Japanese Pioneers
Hisayoshi Yanai
Hisayoshi Yanai was born in 1920. He graduated from the Electrical Engineering Department in the First Faculty of Technology at Tokyo Imperial University in 1942, and then became a lecturer in the same department. In 1947 he was appointed an assistant professor at the University of Tokyo, where he obtained a doctorate in 1953. In 1960, he was appointed a professor at that university. The American Institute of Electrical and Electronics Engineers awarded a fellowship to Yanai in 1977, and this was followed by the Award of the International Symposium on Gallium Arsenide and the Heinrich Welker Medal in 1980. On retiring from his professorship at the University of Tokyo in 1981, he was invited to the Shibaura Institute of Technology as a professor. He received the Verdienstmedaille (Medal for Merit) and Großes Verdienstkreuz (Commander’s Cross) from the Federal Republic of Germany in 1985. He was awarded the Medal with Blue Ribbon and became president of the Shibaura Institute of Technology in 1986. He then became an honorary professor of the institute in 1991. He received the Order of the Rising Sun (third class) in 1994.
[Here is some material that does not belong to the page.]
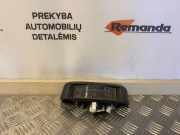 Gehäuse für Kennzeichenleuchte Opel Vivaro A Kasten (X83) 91165634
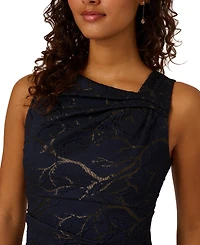 Adrianna Papell Women's Sleeveless Column Gown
While we can’t call his encounter with transistors early, because he didn’t start work in this field until his appointment as a professor at the University of Tokyo in 1960, he explored and studied the new academic field that is now called semiconductor electronics while the development of transistor technology was still in its early stages. He played an important role in teaching electronic engineering to many students and in promoting joint research by industry, government, and academia.
In the analytical characterization of the bipolar transistor, his first work specifically on transistors, he succeeded in parameterizing the admittance in accord with the intensity of the electric field within the base region. This achievement was significant in establishing the theory of transistor operation and is quoted in numerous textbooks. His research into semiconductor electronics engineering covered a broad range, with an initial focus on semiconductors for work with microwaves and a later focus on semiconductor devices for ultra-high-frequency waves. His selection of semiconductor materials also ranged from germanium and silicon to compound semiconductors such as gallium arsenide. His research on Schottky-gate field-effect transistors and Gunn effect devices for digital applications earned him a world-wide reputation.